While the term “critical regionalism” does not yet seem to have been widely adopted as a name for this kind of critical agenda, I would argue that it is in fact indicative of a general trend in literary scholarship over the past decade: the pursuit new (or renewed) geographies that go beyond the nation but resist the centrifugal pull, the temptation, of “the world.” One of the virtues of these areas, as I will call them, is that they make it easier to avoid some of the false dichotomies that have come to structure debates about “world literature.” The justifications for these areas have been, among other things, oceanic (the Transatlantic; the Black Atlantic; various framings of the Pacific; most recently the Indian Ocean), continental (the Americas; Europe; Asia), imperial (Ottoman; Mongol; post-Soviet; Qing); linguistic (the Sinophone; the Sanskrit cosmopolis), and commercial (the silk road; the Mediterranean).
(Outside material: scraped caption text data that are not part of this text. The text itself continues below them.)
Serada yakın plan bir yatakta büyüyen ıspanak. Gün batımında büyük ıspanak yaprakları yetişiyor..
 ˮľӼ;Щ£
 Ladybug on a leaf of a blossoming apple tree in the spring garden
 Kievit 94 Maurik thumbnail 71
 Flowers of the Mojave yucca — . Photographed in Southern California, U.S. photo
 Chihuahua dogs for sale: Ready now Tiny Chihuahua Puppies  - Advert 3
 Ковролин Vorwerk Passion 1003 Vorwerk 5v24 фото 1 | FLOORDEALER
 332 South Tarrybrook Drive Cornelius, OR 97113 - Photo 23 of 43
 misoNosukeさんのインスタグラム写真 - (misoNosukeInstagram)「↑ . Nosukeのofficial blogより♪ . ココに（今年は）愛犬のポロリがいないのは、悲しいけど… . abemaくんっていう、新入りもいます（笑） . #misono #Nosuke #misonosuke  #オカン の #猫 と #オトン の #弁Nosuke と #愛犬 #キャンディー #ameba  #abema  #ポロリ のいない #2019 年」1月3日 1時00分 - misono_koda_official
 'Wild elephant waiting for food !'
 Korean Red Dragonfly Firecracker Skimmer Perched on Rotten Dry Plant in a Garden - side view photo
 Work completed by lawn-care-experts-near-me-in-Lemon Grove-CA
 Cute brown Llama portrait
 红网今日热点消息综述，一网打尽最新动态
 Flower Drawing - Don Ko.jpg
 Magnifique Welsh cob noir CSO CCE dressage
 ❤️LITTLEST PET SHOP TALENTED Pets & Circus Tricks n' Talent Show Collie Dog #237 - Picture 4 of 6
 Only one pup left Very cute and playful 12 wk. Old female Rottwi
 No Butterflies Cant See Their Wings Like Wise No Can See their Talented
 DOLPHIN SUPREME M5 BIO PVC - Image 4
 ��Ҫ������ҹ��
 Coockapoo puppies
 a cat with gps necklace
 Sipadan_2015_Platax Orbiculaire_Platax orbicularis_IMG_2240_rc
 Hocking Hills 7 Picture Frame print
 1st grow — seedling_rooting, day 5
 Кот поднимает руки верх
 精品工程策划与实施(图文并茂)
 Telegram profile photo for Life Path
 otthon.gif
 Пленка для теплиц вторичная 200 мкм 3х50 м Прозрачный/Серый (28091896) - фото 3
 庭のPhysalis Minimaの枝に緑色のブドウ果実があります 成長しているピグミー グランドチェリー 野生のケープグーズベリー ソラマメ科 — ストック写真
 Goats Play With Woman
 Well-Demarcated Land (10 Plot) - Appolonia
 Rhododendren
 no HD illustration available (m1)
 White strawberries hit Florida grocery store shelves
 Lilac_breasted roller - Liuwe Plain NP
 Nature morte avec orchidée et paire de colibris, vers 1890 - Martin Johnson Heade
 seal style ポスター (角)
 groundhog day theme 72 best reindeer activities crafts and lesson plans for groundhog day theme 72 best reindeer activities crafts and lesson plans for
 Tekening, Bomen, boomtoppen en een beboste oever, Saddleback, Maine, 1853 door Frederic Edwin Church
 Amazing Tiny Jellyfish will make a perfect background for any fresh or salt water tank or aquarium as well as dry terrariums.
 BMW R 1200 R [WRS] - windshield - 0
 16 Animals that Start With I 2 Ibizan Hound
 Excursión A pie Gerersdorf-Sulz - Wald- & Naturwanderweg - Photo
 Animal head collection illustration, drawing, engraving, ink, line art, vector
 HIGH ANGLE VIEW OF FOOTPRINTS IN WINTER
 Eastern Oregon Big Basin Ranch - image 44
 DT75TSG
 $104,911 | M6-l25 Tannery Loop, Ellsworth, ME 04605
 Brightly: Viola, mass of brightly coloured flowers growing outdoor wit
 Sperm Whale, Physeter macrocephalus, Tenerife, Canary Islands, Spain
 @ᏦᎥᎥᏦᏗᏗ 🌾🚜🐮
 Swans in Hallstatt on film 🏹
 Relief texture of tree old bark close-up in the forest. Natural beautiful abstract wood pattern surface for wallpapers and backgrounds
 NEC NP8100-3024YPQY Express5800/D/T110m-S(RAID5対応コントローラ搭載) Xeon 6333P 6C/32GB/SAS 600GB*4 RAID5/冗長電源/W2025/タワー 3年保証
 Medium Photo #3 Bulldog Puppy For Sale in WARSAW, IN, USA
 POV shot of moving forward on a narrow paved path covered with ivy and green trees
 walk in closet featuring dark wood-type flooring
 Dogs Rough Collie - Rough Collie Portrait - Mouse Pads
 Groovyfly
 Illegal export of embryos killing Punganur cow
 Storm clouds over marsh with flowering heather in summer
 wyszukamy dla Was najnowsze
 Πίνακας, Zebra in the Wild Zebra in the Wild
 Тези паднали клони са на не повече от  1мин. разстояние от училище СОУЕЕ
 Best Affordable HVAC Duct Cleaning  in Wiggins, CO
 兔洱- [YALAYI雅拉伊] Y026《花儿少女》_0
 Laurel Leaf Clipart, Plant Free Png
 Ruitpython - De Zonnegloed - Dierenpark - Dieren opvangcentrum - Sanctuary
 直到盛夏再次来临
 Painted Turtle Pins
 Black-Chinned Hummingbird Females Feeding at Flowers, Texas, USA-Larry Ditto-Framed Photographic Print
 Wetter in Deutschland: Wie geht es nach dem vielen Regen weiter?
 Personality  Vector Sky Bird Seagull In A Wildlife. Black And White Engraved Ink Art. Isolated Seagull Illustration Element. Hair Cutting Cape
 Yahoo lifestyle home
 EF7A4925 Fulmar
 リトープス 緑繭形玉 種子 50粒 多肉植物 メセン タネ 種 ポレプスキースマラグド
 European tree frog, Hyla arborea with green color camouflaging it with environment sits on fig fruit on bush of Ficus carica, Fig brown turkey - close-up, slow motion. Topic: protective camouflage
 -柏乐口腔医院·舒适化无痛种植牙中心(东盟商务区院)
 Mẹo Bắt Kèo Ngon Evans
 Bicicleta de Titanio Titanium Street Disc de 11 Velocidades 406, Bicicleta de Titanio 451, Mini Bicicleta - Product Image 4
These areas are, then heterogeneous and, unlike the areas of Area Studies, by no means mutually exclusive. We might think, for example, of all the different ways in which Latin American literary studies has engaged in alternative geographies: the “literatures of the Americas”; Hispanophone and/or Lusophone versions of “the Atlantic” in which Spain and Portugal gain renewed importance; a more regular and more vigorous inclusion of Brazil in the study of “Latin America” as a region. “Asia,” perhaps most obviously, has been transformed from a vaguely Orientalist conceptual relic to a stage on which to act out diverse arguments about alternative modernities: Spivak’s critical regionalism; revisionist global economic histories of the time before European hegemony (Pommeranz); scholarly gambits (the founding of the journal Verge: Studies in Global Asias; various “Asian Humanities” initiatives); and diasporic identity politics, from below and above (Asian-American; Singapore). This has also included a renewed interest in major figures of historical pan-Asianism who had for some time been considered reactionary, such as Okakura Kakuzo and Takeuchi Yoshimi (Calichman; Chen). While many of these areas have long histories in other disciplines or even in literary studies, it is only in the recent past that we have witnessed both their quantitative increase in literary studies and a qualitative transformation of their meaning in relation to the idea of world literature.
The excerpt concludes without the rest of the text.